Penn Medicine: ED Nurse Screening, Clinician Prompts Improve OUD Treatment

June 21, 2023
“Our findings indicate that the screening and prompts help clinicians to recognize patients and increasingly initiate important care for them,” says Margaret Lowenstein, M.D., research director of the Penn Center for Addiction Medicine and Policy

An emergency department initiative prompting clinicians to identify and treat opioid use disorder was found to double assessment for opioid withdrawal and increase initiation of evidence-based treatment, according to a study from the Perelman School of Medicine at the University of Pennsylvania.

The findings were published recently in Annals of Emergency Medicine. A triage screening question to be asked by nurses was applied alongside an automated nudge in the electronic health record to increase clinicians’ awareness of patients with opioid use disorder and improve the likelihood patients would receive more comprehensive care in the emergency department. In addition to an observed increase in withdrawal assessments, the prompts were also associated with boosts in prescriptions for life-saving medications used to treat opioid use disorder.

The big-picture context is that treatment with medications for opioid use disorder is highly effective, lowers mortality from overdoses by more than half, and doubles engagement with treatment after discharge from the emergency department,” said the study’s first author, Margaret Lowenstein, M.D., an assistant professor of medicine, in a statement. “Our findings indicate that the screening and prompts help clinicians to recognize patients and increasingly initiate important care for them,” added Lowenstein, who is the research director of the Penn Center for Addiction Medicine and Policy.

The study built upon previous work by Lowenstein and senior author, M. Kit Delgado, M.D., an assistant professor of emergency medicine and director of the Penn Medicine Nudge Unit, which demonstrated that automation in the electronic health record alone was not sufficient for identifying opioid use disorder patients. Involving nurses on the front-end, consulting with patients in triage, proved to be a vital step in the process.

Historically, Lowenstein said, when patients with opioid use disorder came to emergency departments, they were typically discharged once their other urgent issues were managed. Patients would be given information on where to obtain treatment and many struggled to navigate the complicated substance use treatment system on their own.

But the emergency department is often the main, if not only, touch point many patients have with medical professionals. It is now increasingly recognized as a crucial opportunity to provide life-saving care for many patients.

Lowenstein and Delgado’s latest study reveals findings from applying this process in three hospitals and comparing insights to two hospitals as controls for the study. The researchers found that the rates of patients with opioid use disorder who were identified and assessed for withdrawal climbed from a baseline of 26 percent to 48 percent after turning on the intervention.

That boost coincided with a 12 percentage-point increase in prescriptions for naloxone, the overdose-reversing nasal spray, and a 5 percentage-point increase in prescriptions for buprenorphine, a medication that stabilizes opioid withdrawal, reduces cravings, and halves the risk of death among people with opioid use disorder.

his study is the latest in a line of research conducted by Lowenstein and Delgado seeking to coax emergency medicine clinicians into both identifying opioid use disorder patients and initiating recovery-focused care.
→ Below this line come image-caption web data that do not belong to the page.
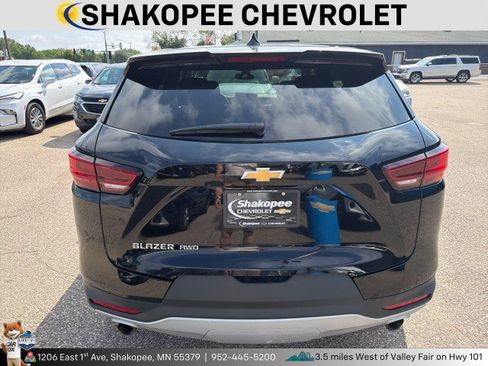 Used 2025 Chevrolet Blazer LT AWD/4WD image 3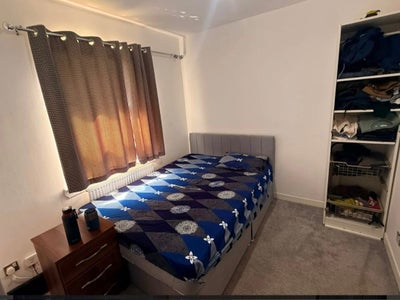 Spacious Semi-Detached House with Balcony -  Main Photo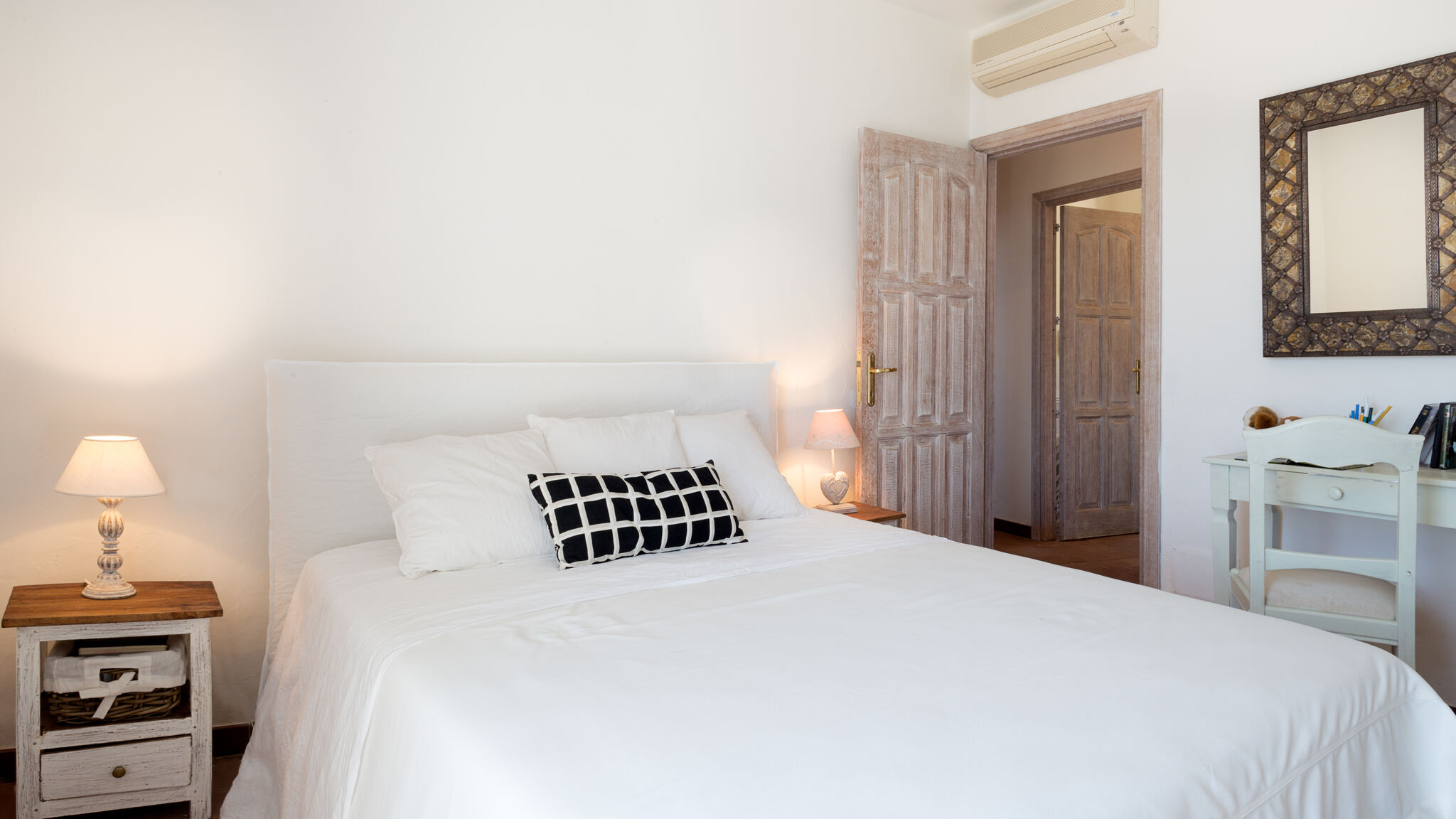 REBhomes Arzachena Villa Florin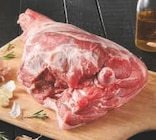 Agneau : Gigot entier à rôtir en promo chez U Express Pau à 16,90 €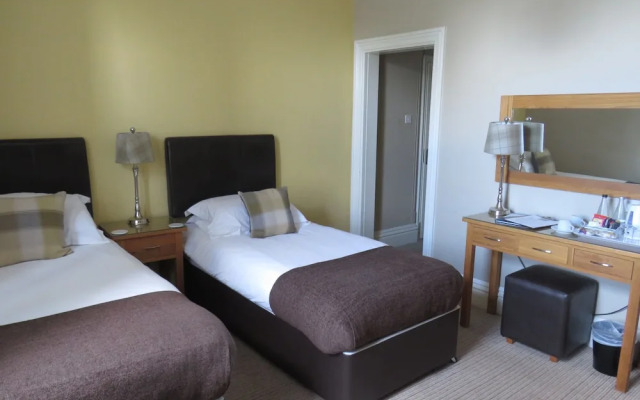 The Station Bar Grill and Rooms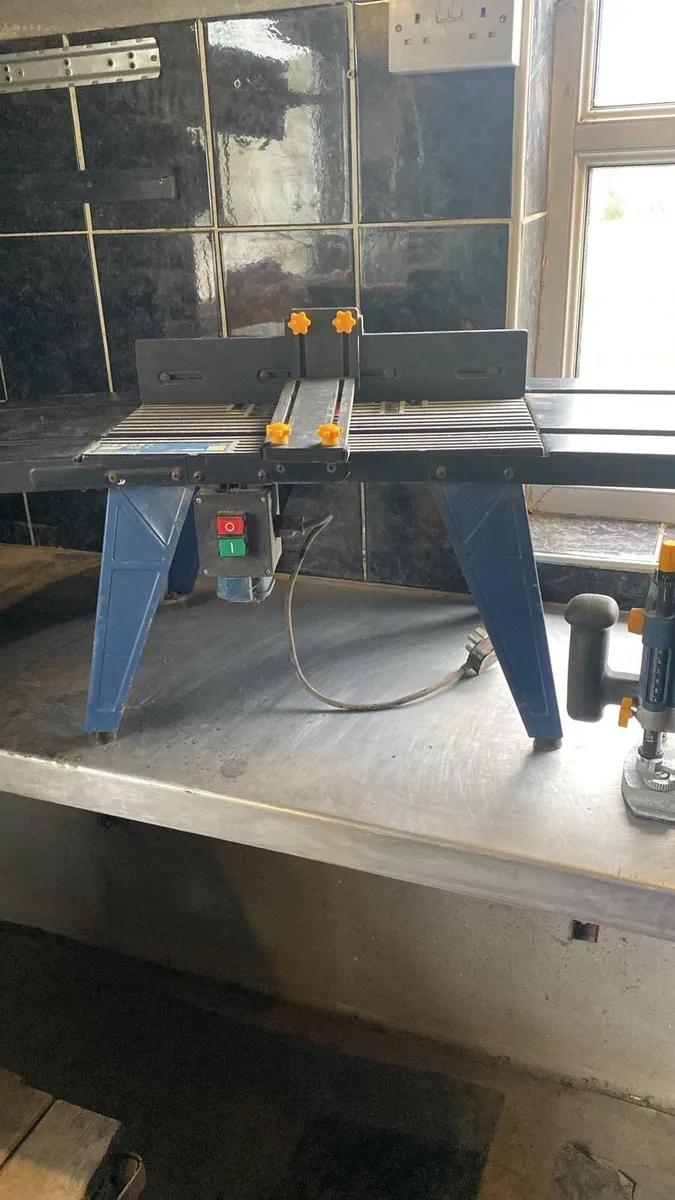 Router and router table and router bits - Image 2
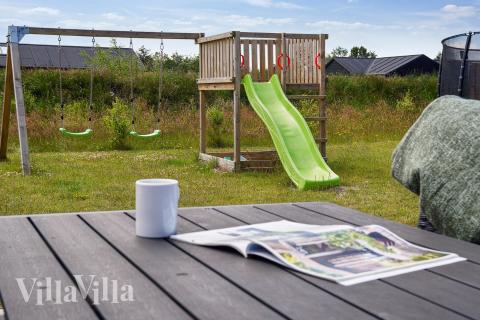 I det attraktive feriehuset nr. 619 i Nordjylland finnes det mengder av utendørsaktiviteter, som leketårn og huskestativ.
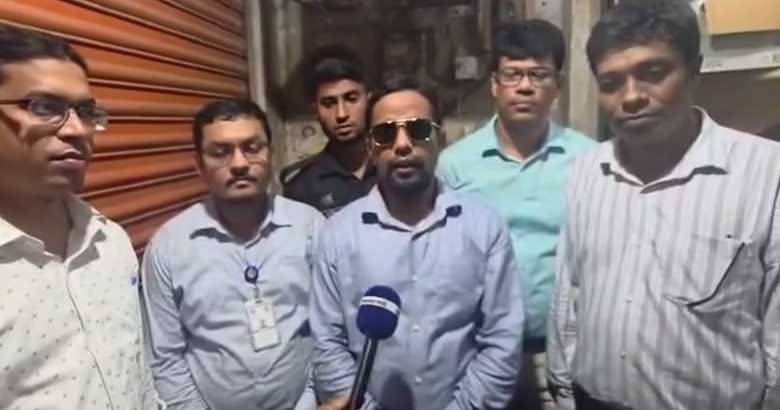 মিটফোর্ড ওষুধ মার্কেটে র‍্যাব ও ঔষধ প্রশাসনের অভিযান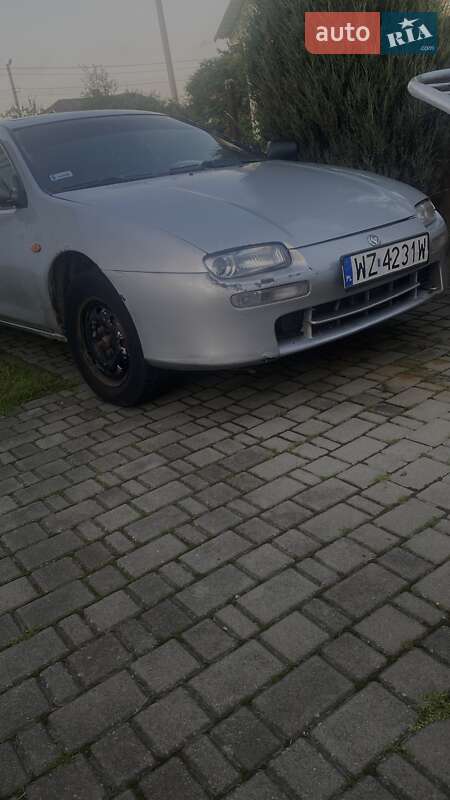 Хэтчбек Mazda 323 1995 в Ивано-Франковске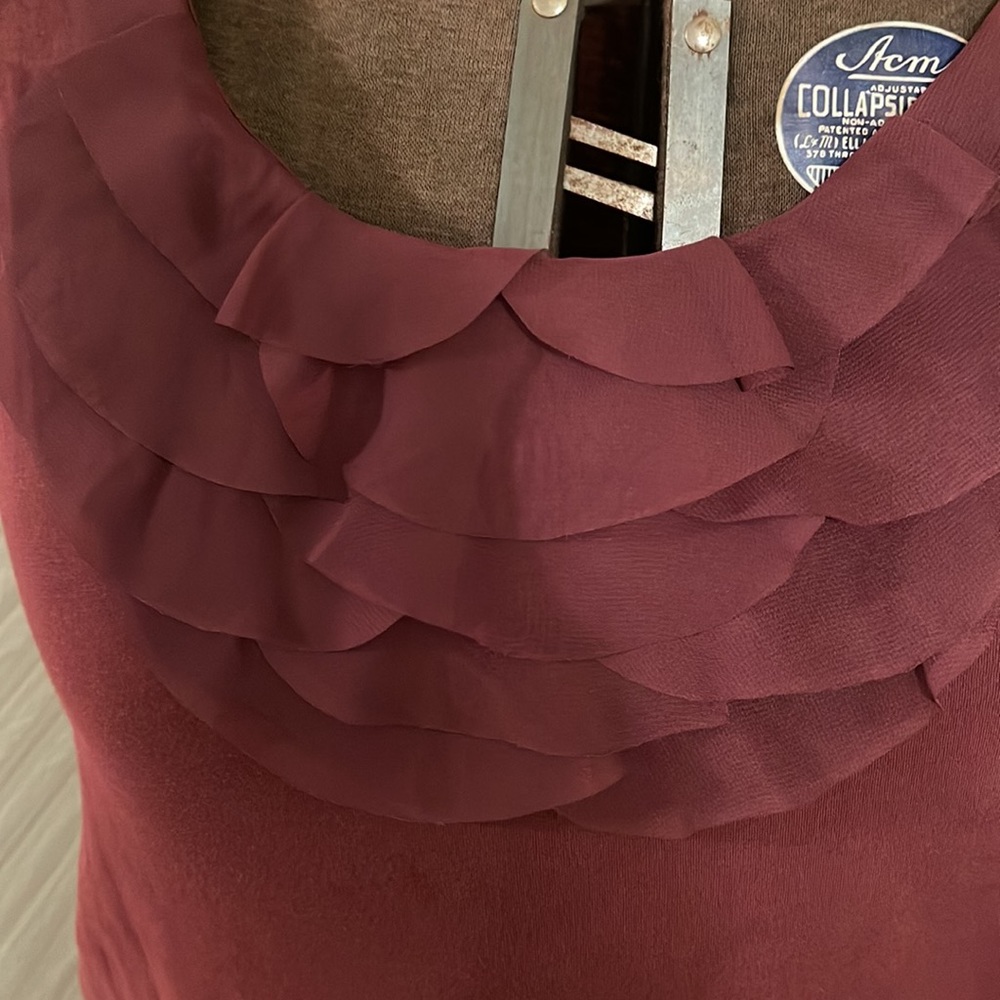 Loft Sleeveless Top large Petite Wine - Picture 3 of 6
These efforts seek to drive more patients toward effective opioid use disorder treatment with medications, as opposed to the older methods of treatment without medication. Important to all of this is that the electronic health record prompt is easy to implement for any hospital looking to nudge their staff toward better opioid use disorder care.

Since the study was conducted, there has been movement to make it easier for opioid use disorder patients to get treatment. Earlier in 2023, a specific training needed to prescribe buprenorphine was eliminated, allowing for any doctor with a license from the Drug Enforcement Agency—meaning any doctor who already can prescribe medications—to prescribe the medication.

“There is a huge group now eligible to prescribe buprenorphine, which could really expand access to treatment,” Lowenstein said. “But that only happens if people actually recognize and treat opioid use disorder. That’s where our findings come in.”